Obzera adopted Anthropic Claude across its development workflow, using Claude.ai for day-to-day development assistance, Claude Desktop for local coding and file-level work, and the Claude CLI for automation and scripted workflows. Together, these tools helped Obzera cut feature cycle time from 10 days to 4 days, reduce code review cycles, and improve the quality of production deployments.
Shorten the cycle from feature specification to production deployment, moving from an 8 to 12 day average to under 5 days per feature.
Ensure technical documentation is written in parallel with code, not after release, eliminating gaps that were slowing customer onboarding.
Scale the volume of features shipped per quarter by making better use of existing capacity, with Claude handling repetitive and boilerplate tasks.
Introduce a structured first pass review using Claude before pull requests are opened to human reviewers, reducing the number of feedback iterations required.
Obzera used Claude.ai for interactive development and Claude Desktop for local coding work. For complex features like its GenAI scaling recommendation engine, Claude helped translate architecture into working Python code, cutting implementation time by roughly half.
First draft technical documentation was written in parallel with code, including API contracts, alert configuration, and integration guides. It was ready at launch, not weeks after.

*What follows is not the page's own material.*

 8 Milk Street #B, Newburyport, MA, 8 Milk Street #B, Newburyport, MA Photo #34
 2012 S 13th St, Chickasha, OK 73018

The Claude CLI was scripted into the existing workflow to run a first pass check before each pull request. The check covered edge cases, pattern consistency, and test gaps without adding manual steps.

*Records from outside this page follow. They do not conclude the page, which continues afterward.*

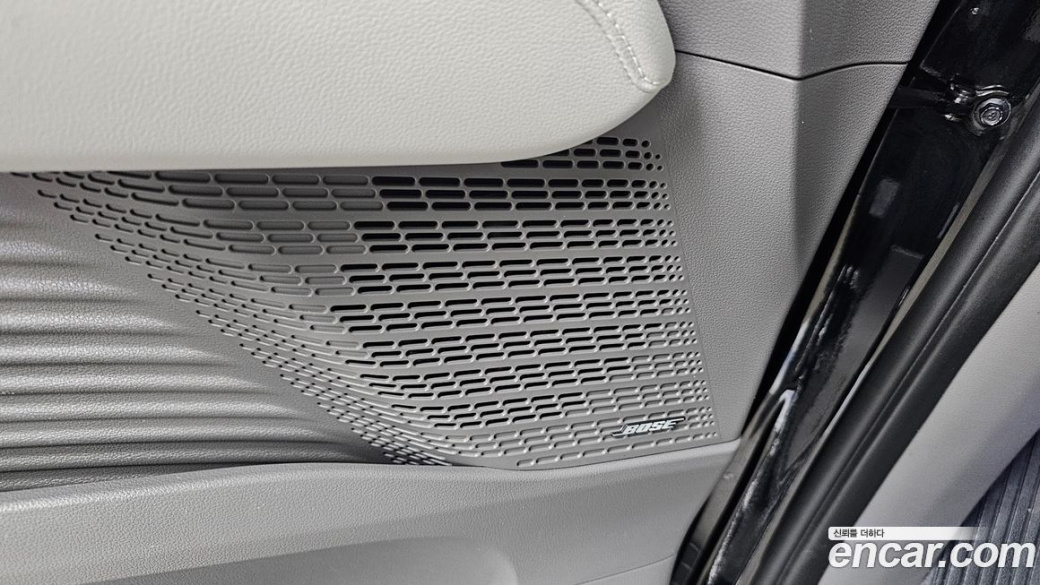 Hyundai Staria 4WD Lounge 7-Seater, 2022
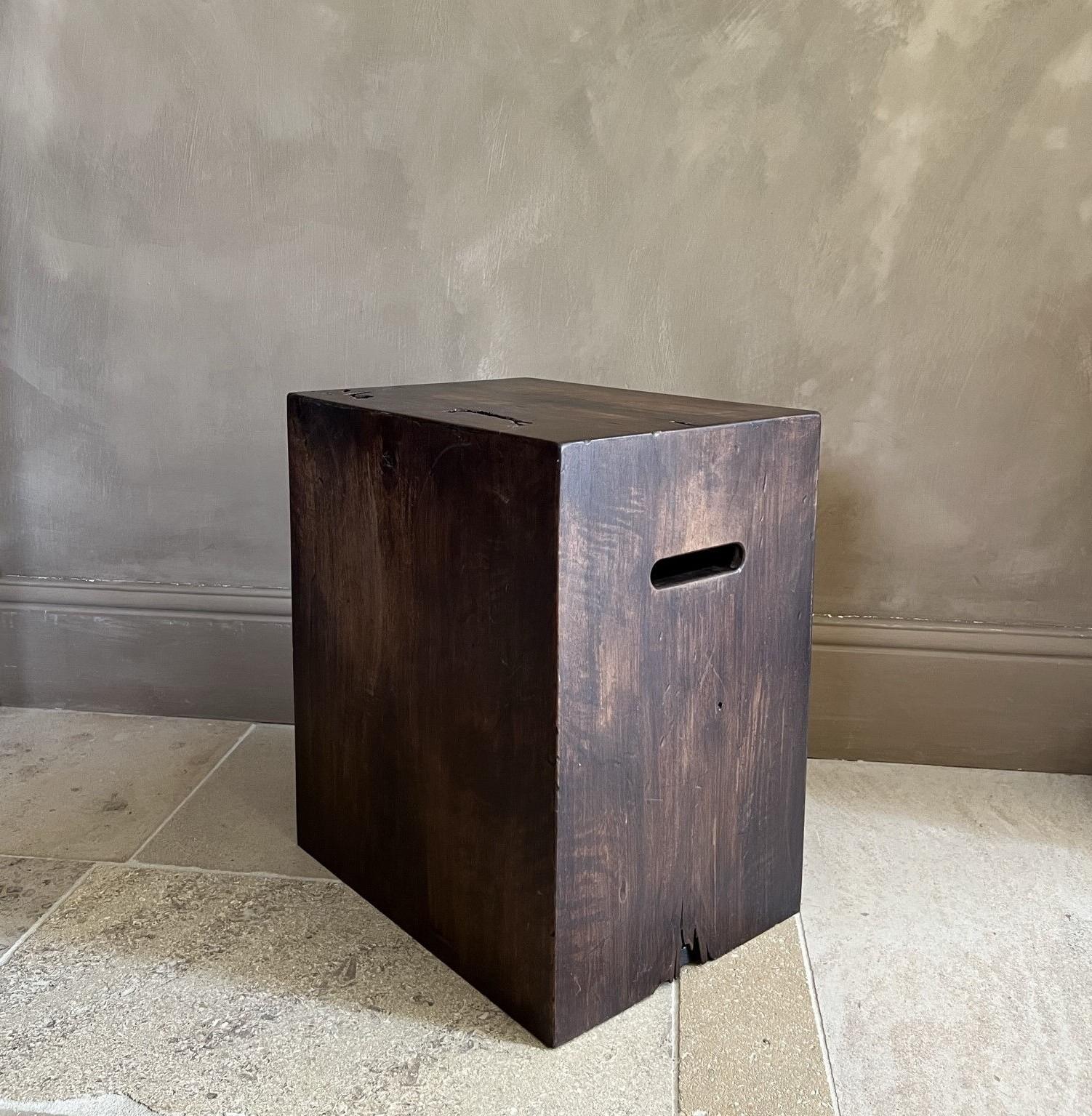 Cube Sidetable 19th Century Dark Walnut For Sale 5
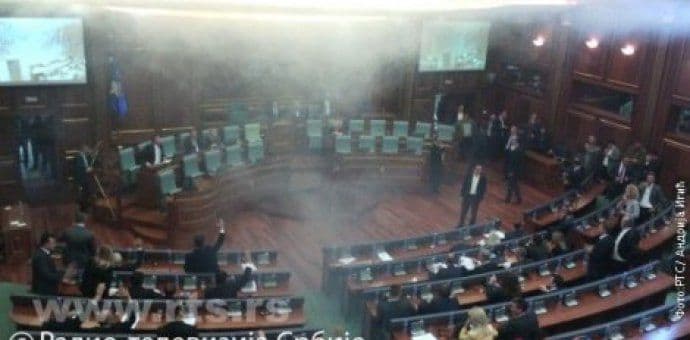 Ponovo suzavac u kosovskom parlamentu Ponovo suzavac u kosovskom parlamentu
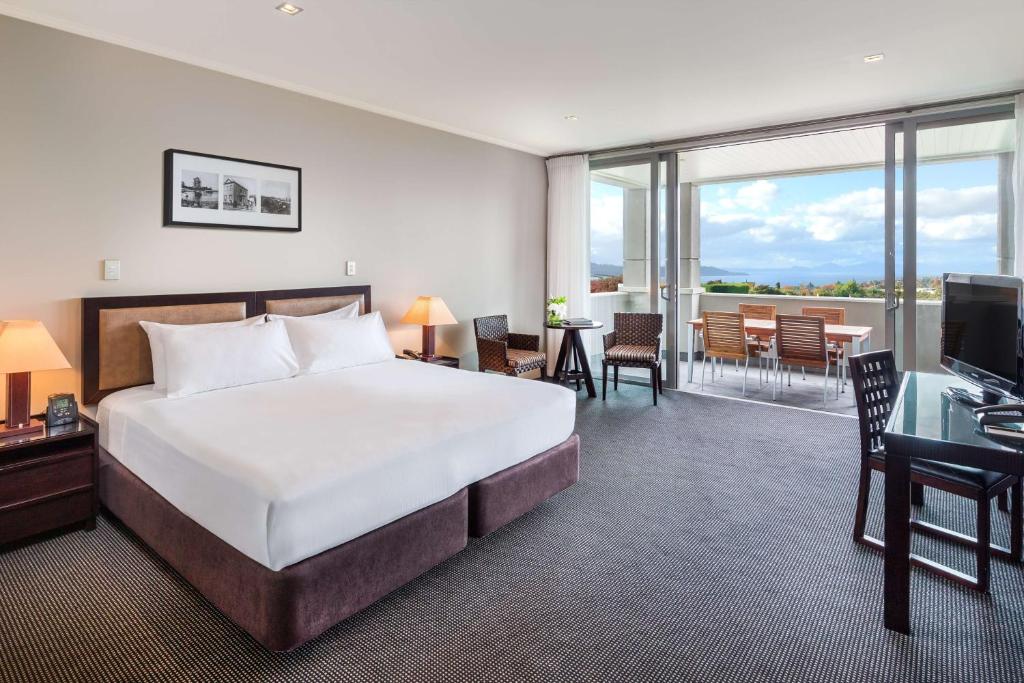 10 Most Romantic Accommodations in Taupo 💑 [2025]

Claude Desktop handled shifts between coding and writing tasks, keeping attention on the work that required real judgment.

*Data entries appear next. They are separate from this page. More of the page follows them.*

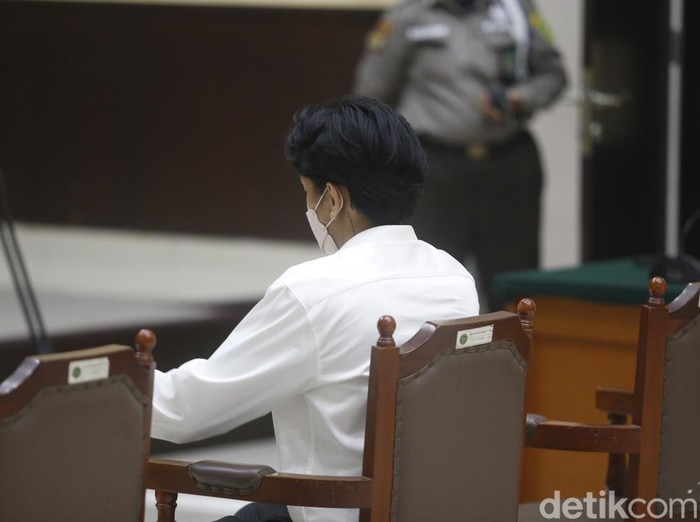 Selebgram Gaga Muhammad tampak hadir secara langsung dalam sidang lanjutannya sebagai terdakwa di Pengadilan Negeri (PN) Jakarta Timur, Kamis (23/12/2021).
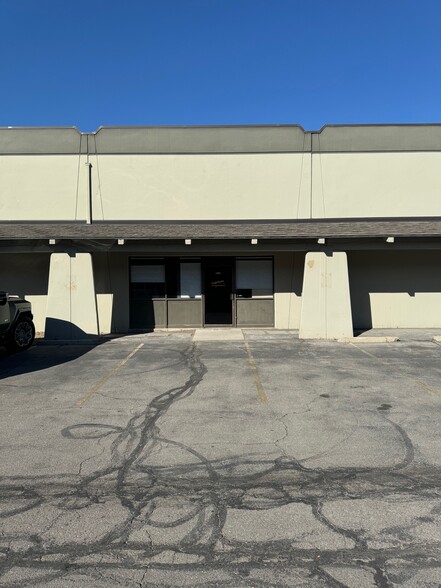 2340-2386 S Redwood Rd, Salt Lake City, UT for rent - Building Photo - Image 2 of 9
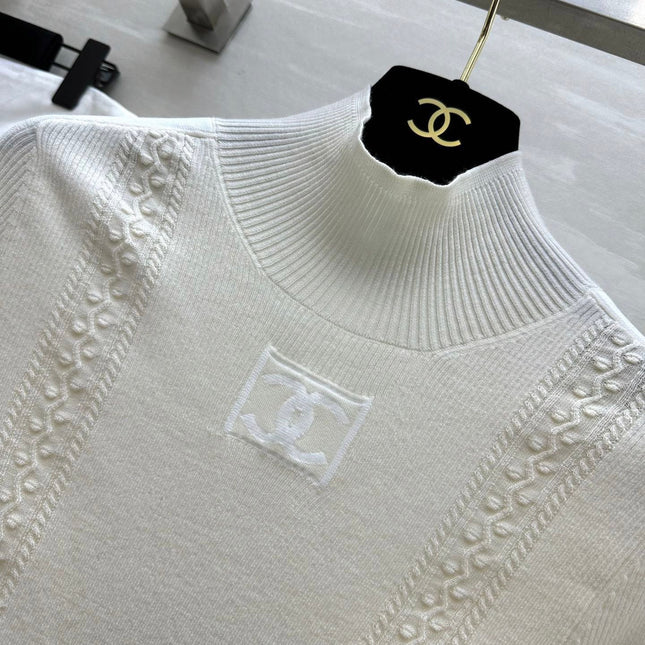 CHANEL 26S TURTLENECK SWEATER 679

Anthropic Claude deployed in production across Obzera's feature development process by Minutus Computing, covering implementation, documentation, and pre review phases within the first sprint of adoption.
Within two quarters, feature launch documentation completeness improved from 40% to 90%, reducing customer onboarding queries.
Quarterly feature releases grew from approximately 6 to approximately 12. The increase held across two consecutive quarters without additional headcount.
Claude is now a permanent part of Obzera's development process from first implementation through pre merge review on every active feature.
| Metric | Before Claude | After Claude | Improvement |
|---|---|---|---|
| Avg. feature development cycle | 10 days | 4 days | 60% faster |
| Review/QA cycles per feature | 3 to 5 cycles | 1 to 2 cycles | 60% fewer iterations |
| Documentation completeness at launch | 40% coverage | 90% coverage | 2× improvement |
| Time on boilerplate / repetitive tasks | 30 to 40% of dev time | <10% of dev time | 3× reduction |
| Features shipped per quarter | 6 features | 12 features | 2× output increase |
| Post-deployment bugs (first 2 weeks) | Avg. 4 per feature | Avg. 1 to 2 per feature | 50% reduction |
The risk was shipping faster but shipping more bugs. Using Claude as a pre review step, and not as a replacement for review, kept quality in check. Post deployment defects dropped by about 50%.
Claude was rolled out in stages: first documentation, then implementation, then pre review. Each step was measured before moving to the next.
Claude output was treated as a first draft. A lightweight review step was added before publication to catch any gaps.
By deploying Anthropic Claude in production across its development workflow, Obzera reduced feature delivery time by 60%, doubled quarterly feature output, cut post-deployment bugs by 50%, and raised documentation completeness from 40% to 90% at launch, all without increasing headcount. Claude is now a standard part of every Obzera feature cycle, from first implementation through to documentation and pre merge review.